## Your assignment
Leave the pictures out and repeat the rest of the data below exactly.

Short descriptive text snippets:
□ □ □ □ □ □ □
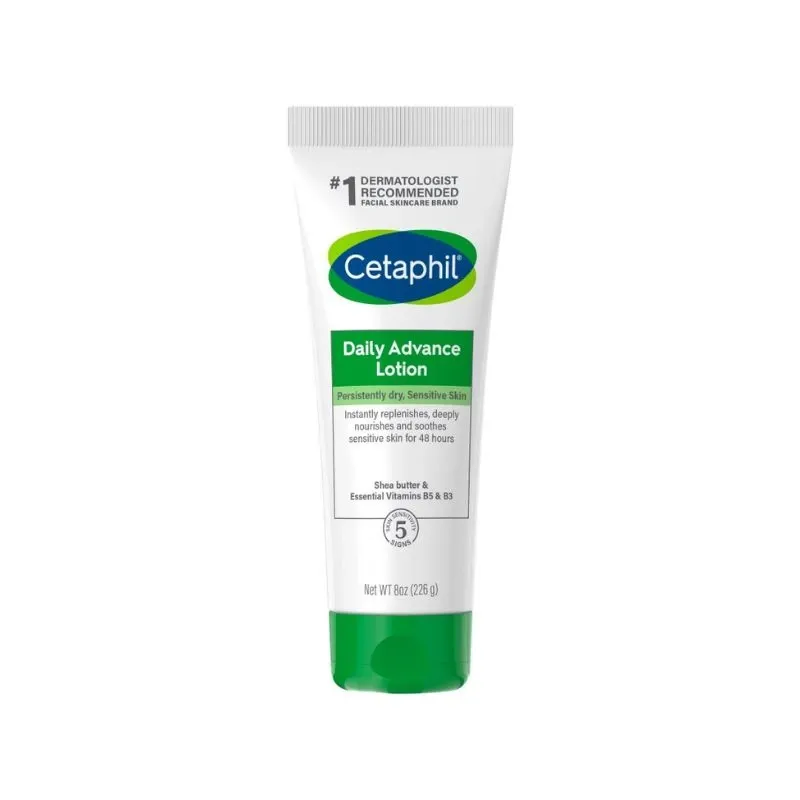 Cetaphil Daily Advance 225 G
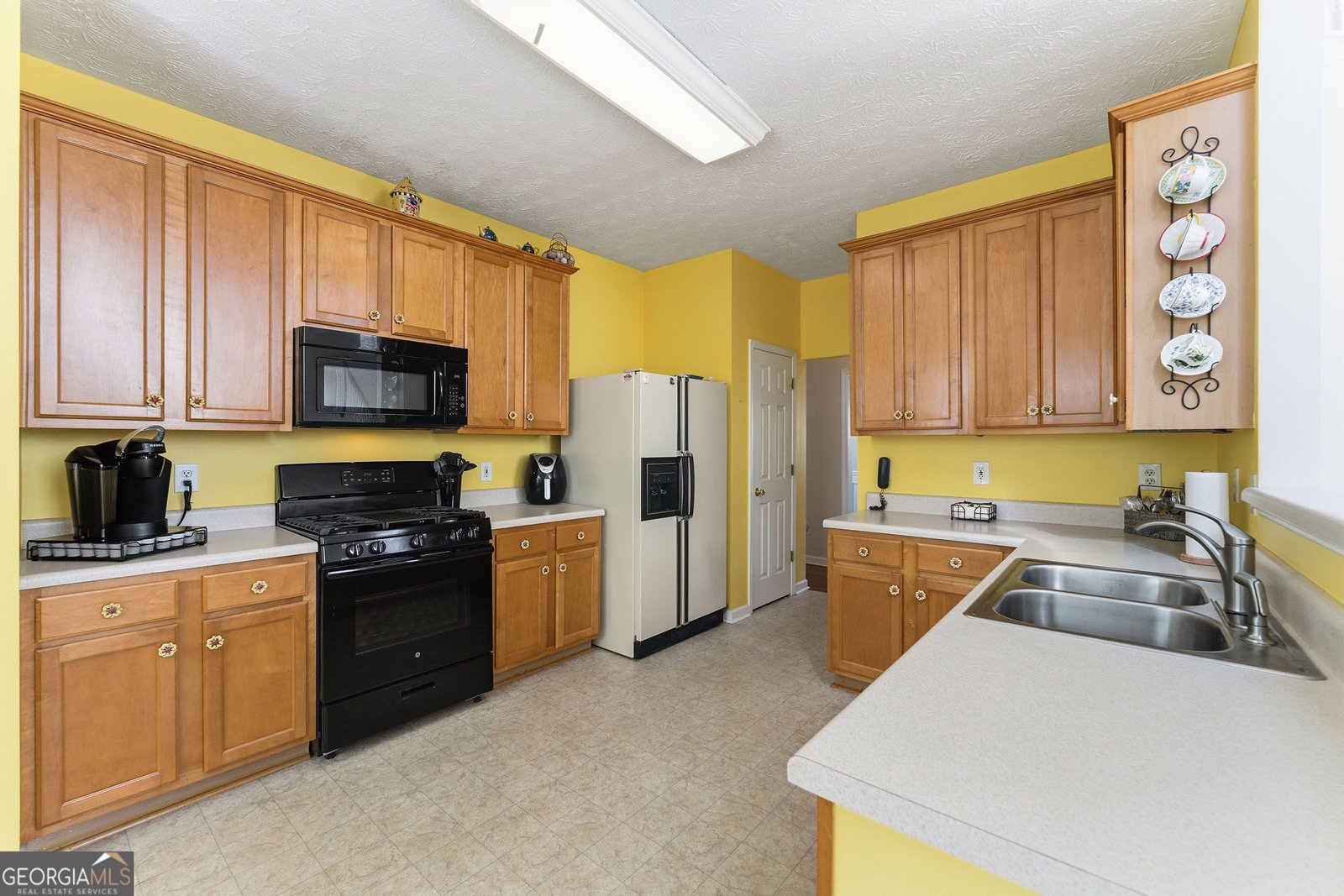 3715 Liberty Drive Powder Springs - 14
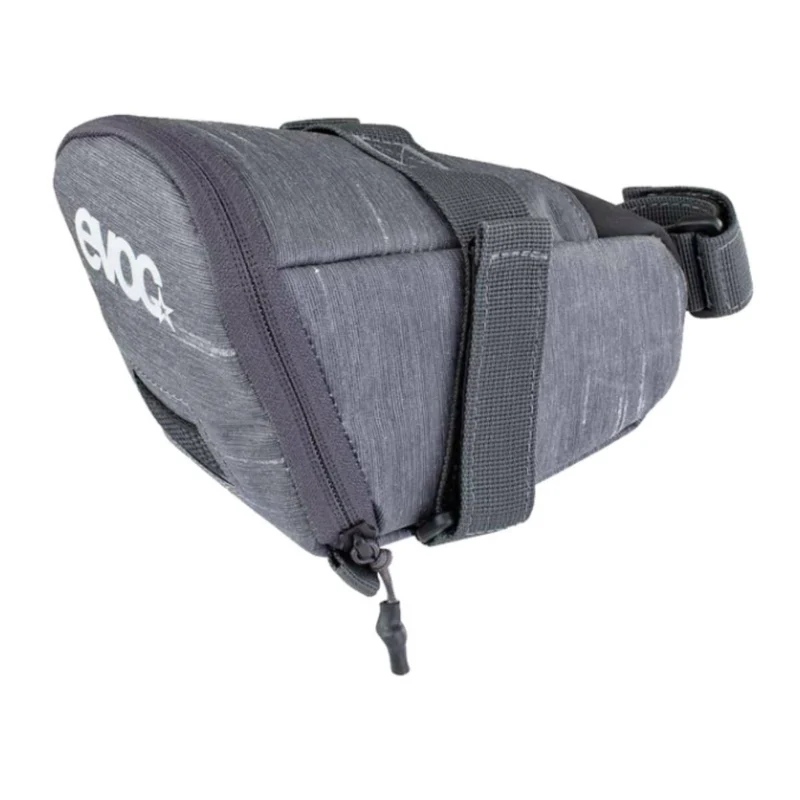 Sac de selle Evoc Tour gris Large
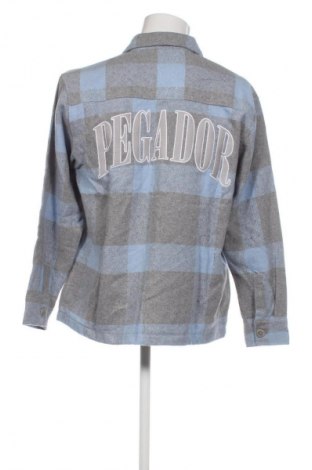 Pánská košile  Pegador, Velikost S, Barva Vícebarevné, Cena  609,00 Kč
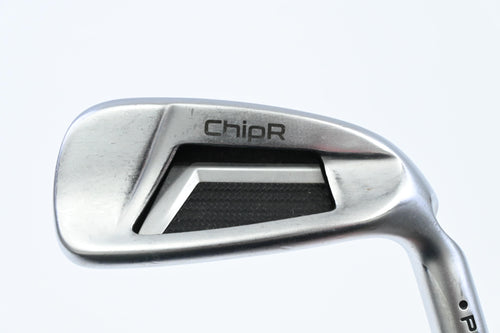 Ping ChipR Wedge / 38.5 Degree / Black Dot / Wedge Flex Ping Z-Z 115 Shaft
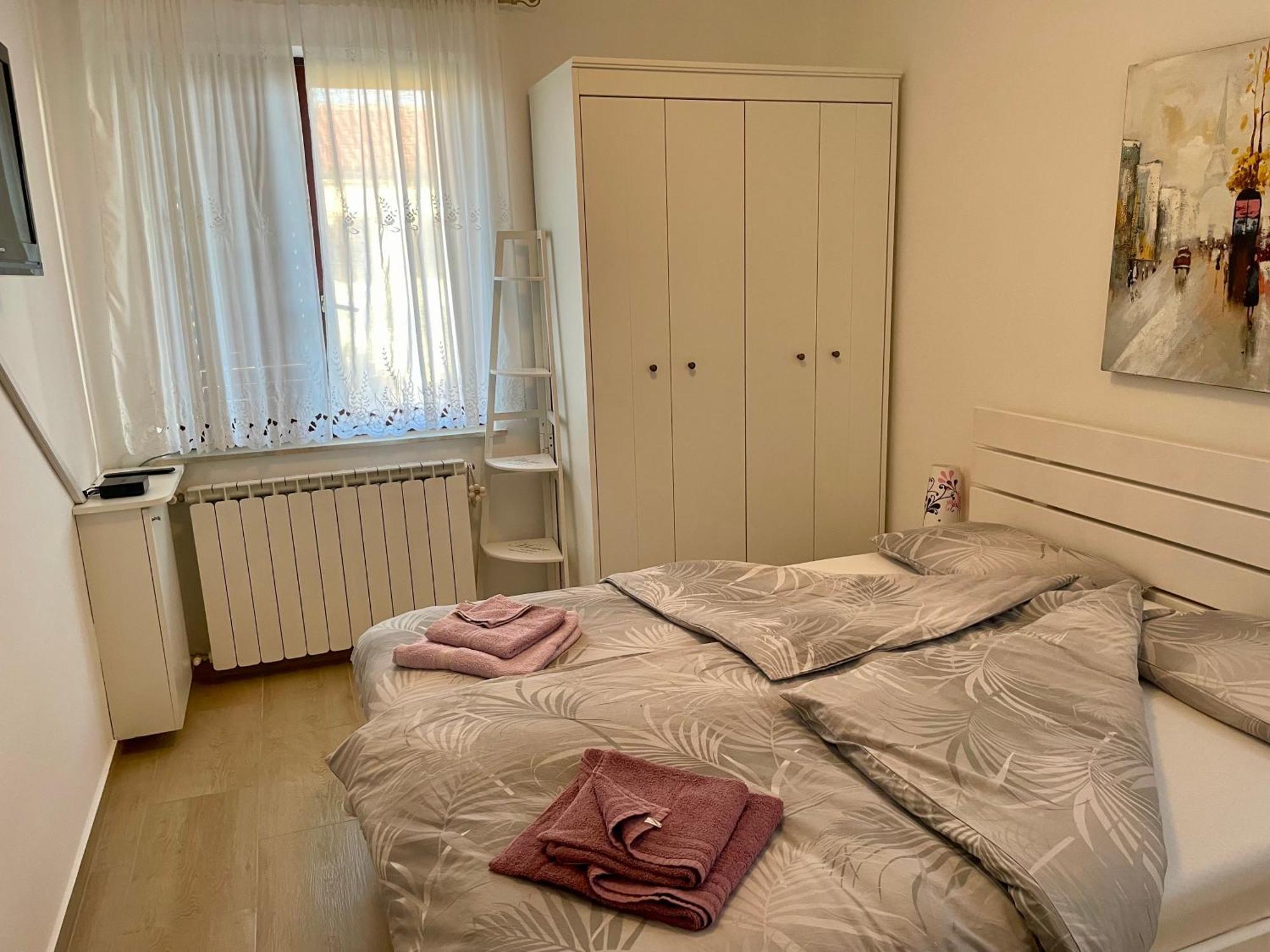 Apartments Kolorcek Izola Εξωτερικό φωτογραφία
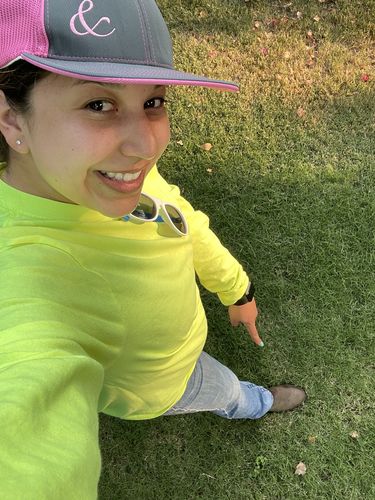 Customer photo review of Steel Toe Meti Boot | Espresso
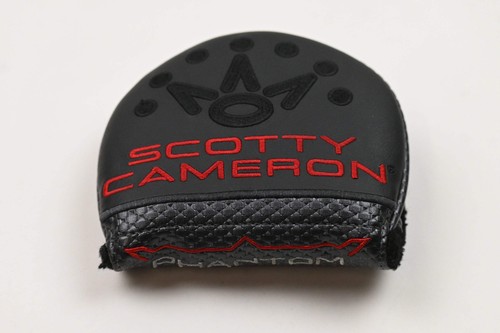 Scotty cameron phantom mallet - scotty,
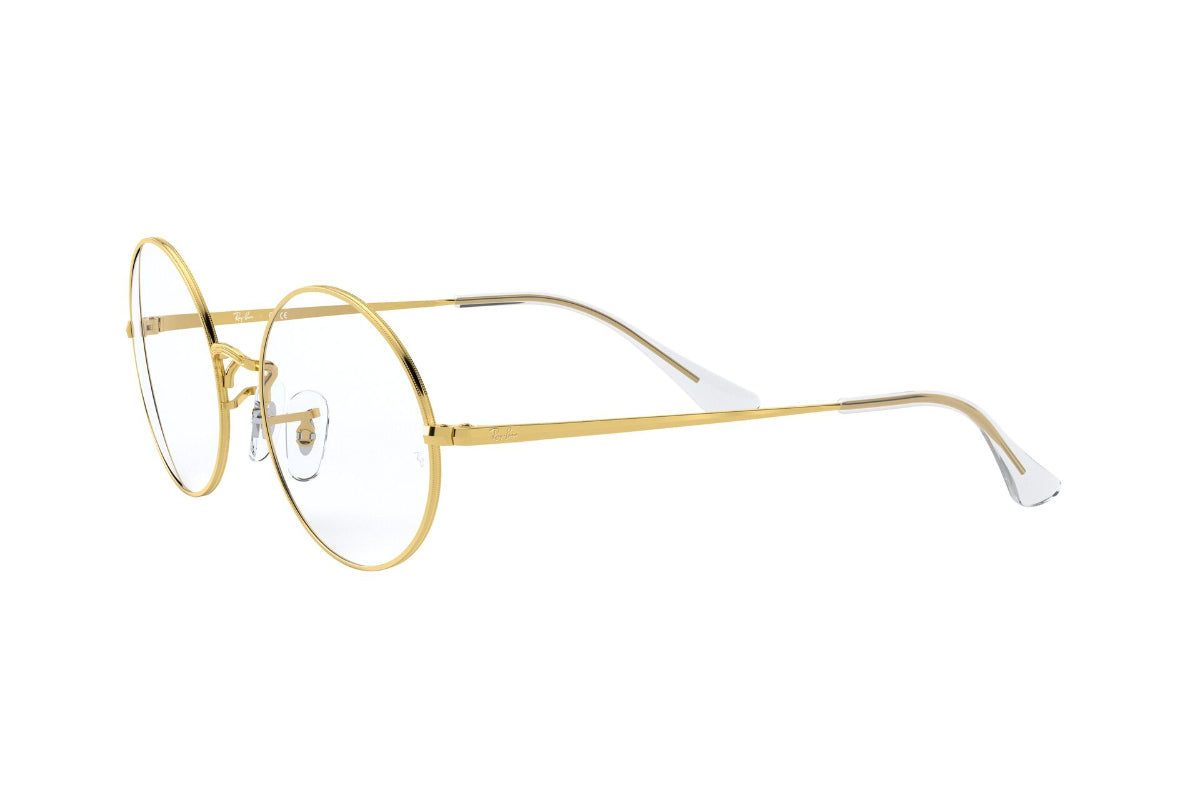 Lentes Opticos Legend Gold Ray-Ban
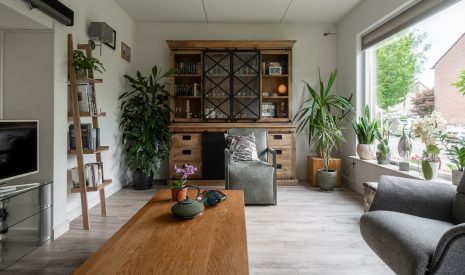 Te koop: Foto Woonhuis aan de Julia Culpstraat 46 in Hengelo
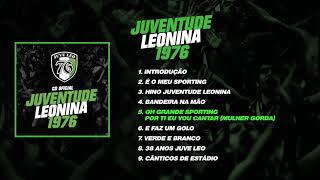 Juventude Leonina 1976 (Full Album)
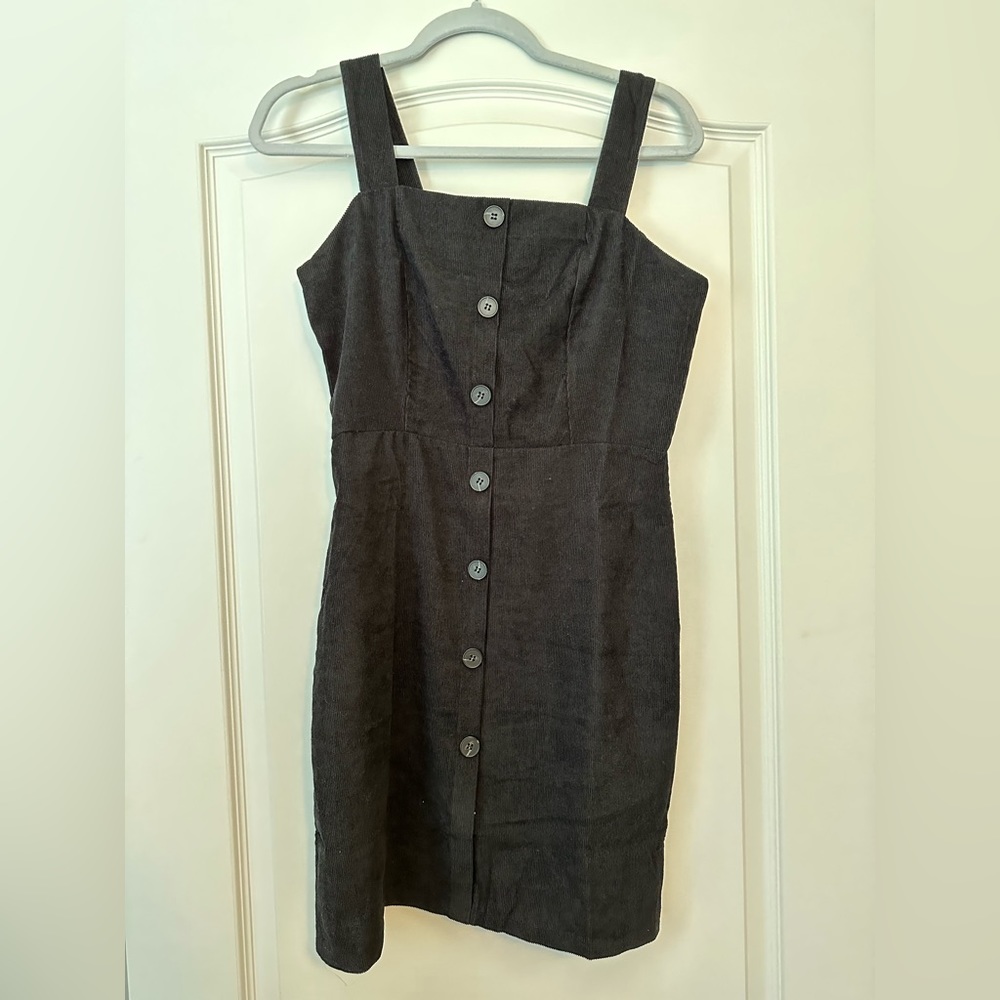 Fall Dress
□ □ □ □ □ □ □
## Result below
 Cetaphil Daily Advance 225 G
 3715 Liberty Drive Powder Springs - 14
 Sac de selle Evoc Tour gris Large
 Pánská košile  Pegador, Velikost S, Barva Vícebarevné, Cena  609,00 Kč
 Ping ChipR Wedge / 38.5 Degree / Black Dot / Wedge Flex Ping Z-Z 115 Shaft
 Apartments Kolorcek Izola Εξωτερικό φωτογραφία
 Customer photo review of Steel Toe Meti Boot | Espresso
 Scotty cameron phantom mallet - scotty,
 Lentes Opticos Legend Gold Ray-Ban
 Te koop: Foto Woonhuis aan de Julia Culpstraat 46 in Hengelo
 Juventude Leonina 1976 (Full Album)
 Fall Dress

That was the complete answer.